The capacity of renewable energy has overtaken that of fossil fuels in the UK for the first time, in a milestone that experts said would have been unthinkable a few years ago.
In the past five years, the amount of renewable capacity has tripled while fossil fuels’ has fallen by one-third, as power stations reached the end of their life or became uneconomic.
The result is that between July and September, the capacity of wind, solar, biomass and hydropower reached 41.9 gigawatts, exceeding the 41.2GW capacity of coal, gas and oil-fired power plants.
Imperial College London, which compiled the figures, said the rate at which renewables had been built in the past few years was greater than the “dash for gas” in the 1990s.
Dr Iain Staffell, who undertook the research, said: “Britain’s power system is slowly but surely walking away from fossil fuels, and this quarter saw a major milestone on the journey.”
However, the amount of power from fossil fuels was still greater over the quarter, at about 40% of electricity generation compared with 28% for renewable sources.
In total, 57% of electricity generation was low carbon over the period, produced either by renewables or nuclear power stations.
In terms of installed capacity, wind is the biggest source of renewables at more than 20GW, followed by solar spread across nearly 1m rooftops and in fields. Biomass is third.
In the past year, coal capacity has fallen by one-quarter, and there are only six coal-fired plants left in the UK.
Coal operators have been affected by the UK’s carbon tax on electricity generation, as well as competition from gas, though they have enjoyed a recent fillip from high gas prices.

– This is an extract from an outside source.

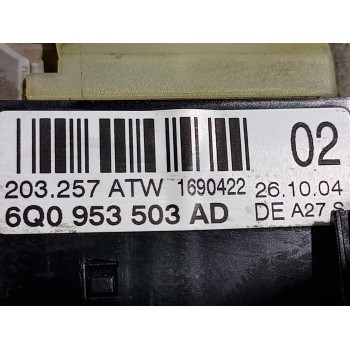 Recambio de mando multifuncion para seat ibiza (6l1) 1.9 sdi referencia OEM IAM 6Q0953503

Fortunes for new gas power stations are mixed. This week, the German energy company RWE said it was freezing plans for a new 2.5GW gas plant in Tilbury, Essex. However, UK-listed SSE said it had broken ground on Tuesday on a new 840MW gas power station in Lincolnshire.
The Imperial College London research, which was commissioned by the gas, coal and biomass company Drax, also found the cost of balancing the energy system had risen to a 10-year high of £3.8m per day between July and September.